▸ TASK DESCRIPTION: Give the lines again exactly as they appear below, from the line with "Shirley Chisholm and" to the line with "6086 Chisolm Rd, Johns", both included, and only those lines. Leave every picture out.

RECORDED DATA Start Marker

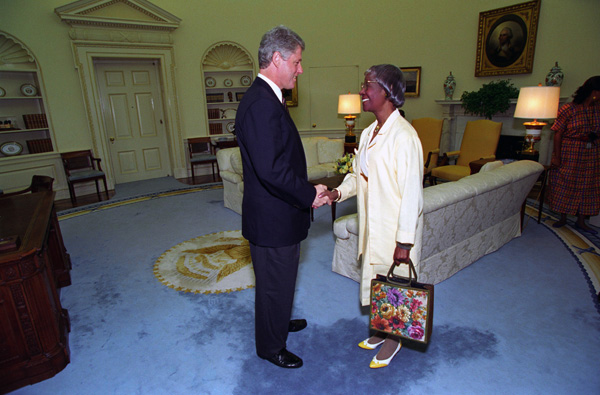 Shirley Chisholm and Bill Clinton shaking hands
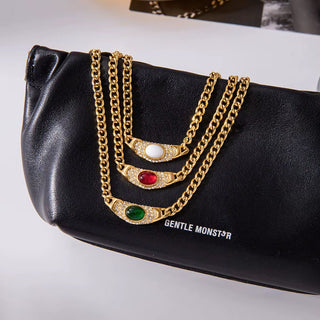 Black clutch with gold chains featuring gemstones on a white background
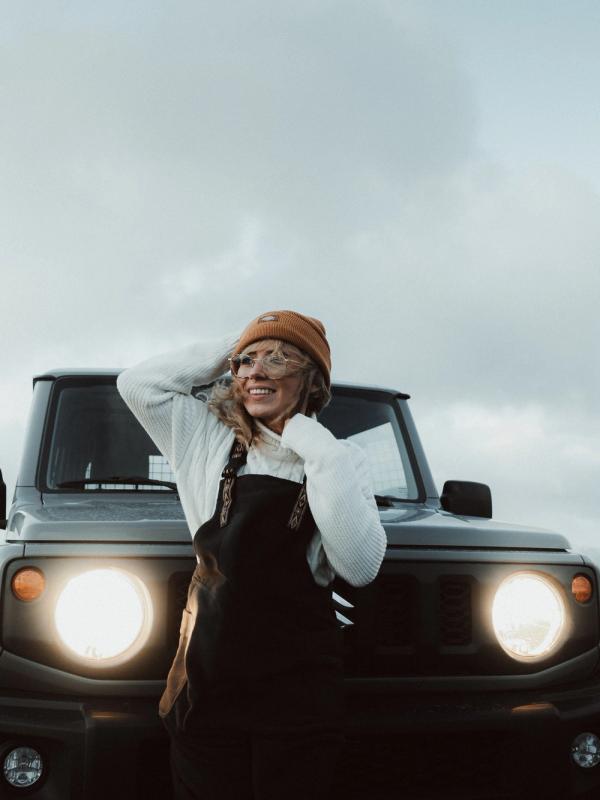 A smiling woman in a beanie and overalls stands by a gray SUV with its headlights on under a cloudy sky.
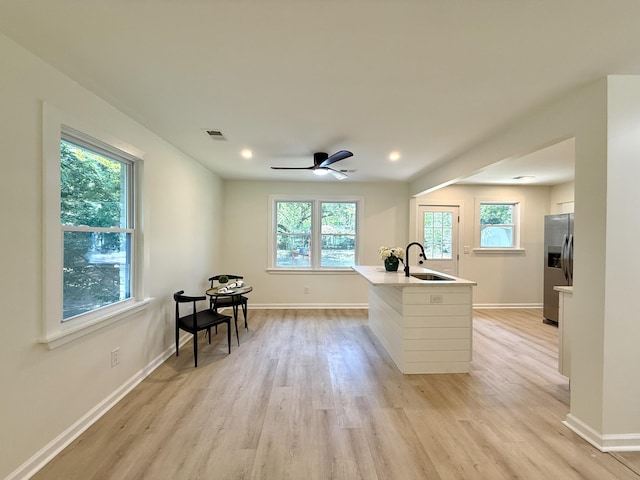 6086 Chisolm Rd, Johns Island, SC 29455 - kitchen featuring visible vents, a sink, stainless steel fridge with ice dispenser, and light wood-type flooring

RECORDED DATA End Marker
RECORDED DATA Start Marker

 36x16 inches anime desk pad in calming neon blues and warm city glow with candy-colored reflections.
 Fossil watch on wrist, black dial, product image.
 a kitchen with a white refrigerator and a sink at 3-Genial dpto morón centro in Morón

RECORDED DATA End Marker
RECORDED DATA Start Marker

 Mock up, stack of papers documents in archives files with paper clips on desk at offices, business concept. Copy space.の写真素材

RECORDED DATA End Marker

▸ TASK RESPONSE:
 Shirley Chisholm and Bill Clinton shaking hands
 Black clutch with gold chains featuring gemstones on a white background
 A smiling woman in a beanie and overalls stands by a gray SUV with its headlights on under a cloudy sky.
 6086 Chisolm Rd, Johns Island, SC 29455 - kitchen featuring visible vents, a sink, stainless steel fridge with ice dispenser, and light wood-type flooring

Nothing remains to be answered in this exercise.